Another vivid example of Ottawa’s too-many-chefs-in-the-kitchen governance style is the much-maligned Rideau Street area between Sussex Drive and St. Patrick Street, which despite billions of dollars of investment over the decades has resisted attempts to transform itself into an urban legend. The sinkhole disaster of 2016 might have been a sign from the heavens that it is meant to be something else.

When I was a cub reporter covering the city in the 1980s, I wrote for The Globe and Mail about ambitious plans to transform the artery into a covered, heated pedestrian mall. As I predicted, it never worked out and these days the street is open to buses, cars and pedestrians. Discount stores, fast food outlets and cannabis shops line much of its length. It’s low-end and trashy, and must be one of the most unsuccessful urban design projects in the country. (A post on Tripadvisor refers to the mall as “the definition of an urban planning disaster.”)
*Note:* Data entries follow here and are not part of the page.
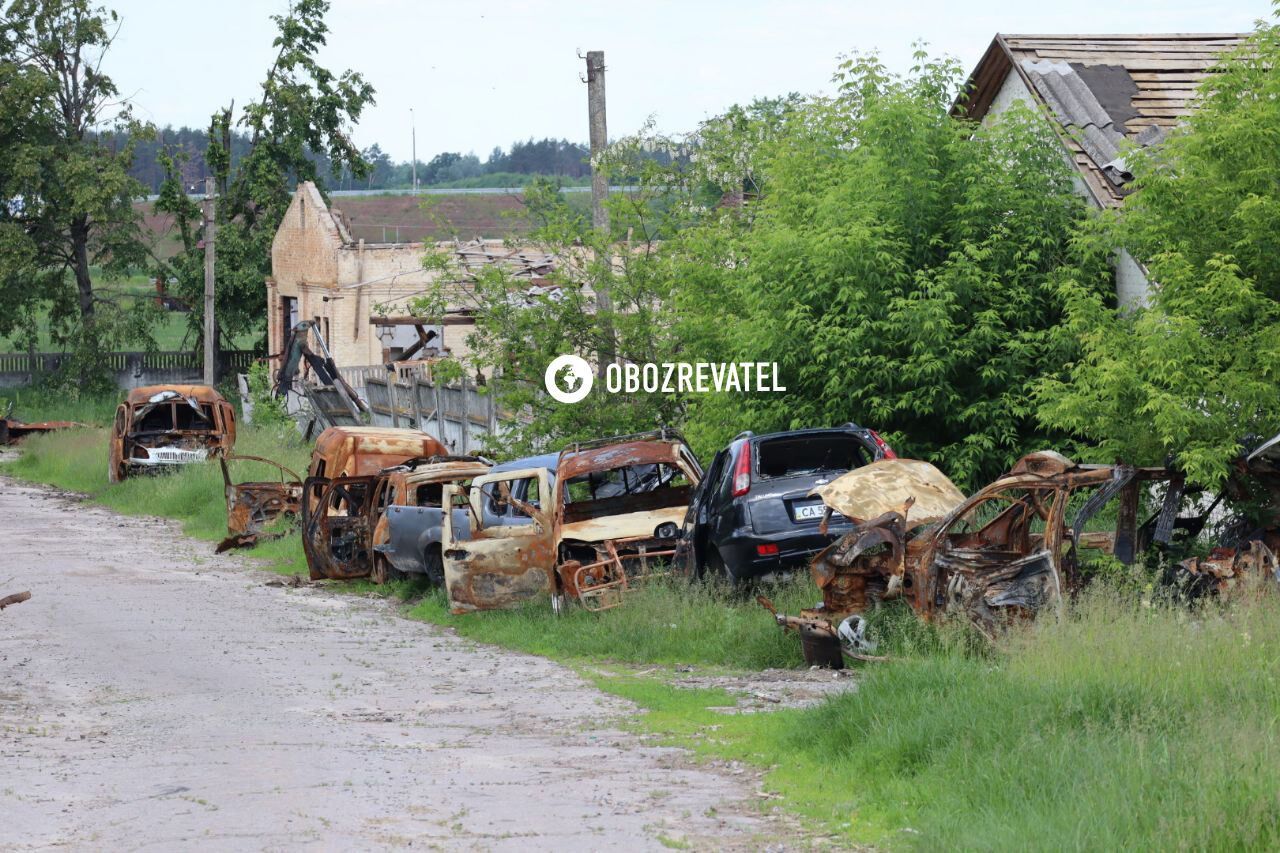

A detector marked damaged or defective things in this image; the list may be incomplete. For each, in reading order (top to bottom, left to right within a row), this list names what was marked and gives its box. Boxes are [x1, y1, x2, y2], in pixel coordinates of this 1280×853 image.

rusted scrap metal [0, 404, 82, 445]
rusted car body [0, 404, 83, 445]
rusted pickup truck [108, 384, 236, 479]
rusted car body [108, 384, 236, 481]
burned car wreck [108, 384, 236, 481]
burnt car frame [108, 384, 236, 481]
rusted scrap metal [0, 589, 30, 607]
rusted car body [217, 450, 304, 550]
rusted scrap metal [217, 450, 304, 550]
burned car wreck [437, 427, 701, 614]
rusted scrap metal [437, 427, 701, 614]
rusted car body [437, 432, 701, 612]
rusted pickup truck [437, 432, 701, 612]
burnt car frame [437, 432, 701, 612]
rusted car hood [555, 502, 686, 540]
rusted car hood [814, 458, 962, 525]
rusted car body [768, 450, 1198, 666]
rusted scrap metal [768, 450, 1198, 666]
burnt car frame [768, 450, 1198, 666]
burned car wreck [768, 450, 1249, 666]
And the lack of consensus on renovating the official residence of the Prime Minister – 24 Sussex Dr. had always been included in tours of the city when I was a kid chaperoning visitors around town – needs to be settled soon so that what Politico called “Canada’s most famous fixer-upper” can be returned to the NCC’s portfolio of attractions.

Let’s hope that an aggressive push to bring housing into the downtown core, mostly through high-rise residential buildings, will bring more vitality back and help alleviate the acute nationwide housing shortage.
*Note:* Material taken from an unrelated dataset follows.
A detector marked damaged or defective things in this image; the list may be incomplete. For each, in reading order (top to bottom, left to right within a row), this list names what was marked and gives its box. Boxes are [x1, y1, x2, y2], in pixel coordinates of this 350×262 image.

Of course, it is easy to make a lightning visit to my former home and launch criticism at decision-makers for bad policy decisions. For one, other global cities are grappling with a host of post-COVID issues. In New York, for example, city hall has been unable to wean restaurateurs off of outdoor dining sheds, which have robbed neighbourhoods of precious parking spaces and impeded access for pedestrians, sanitation operations, pest control and emergency vehicles. (For many restaurant owners, it was a once-in-a-lifetime chance to grab free real estate and expand their operations, but many sheds have become dilapidated and are now canvases for graffiti artists.)

Second, things have changed a lot in Ottawa since I used to toss newspapers across neighbours’ lawns as a boy in Alta Vista. Now, the majority of the capital’s households consist of two people and the citizenry has aged considerably.

But my perspective is shaped not only by living in the city for many years, but by comparing the state of play in other capitals. Visits to major world capitals in the past months, including Washington, London, Rome, Warsaw and Brussels, showed that they’ve bounced back from COVID in a way that Ottawa hasn’t.

Let us look at this crisis as an opportunity to reimagine what Canadian downtowns should be, especially Ottawa. At the end of the day, if Canada wants to retain its image as a Group of Seven middle power, it needs to fix its front porch first.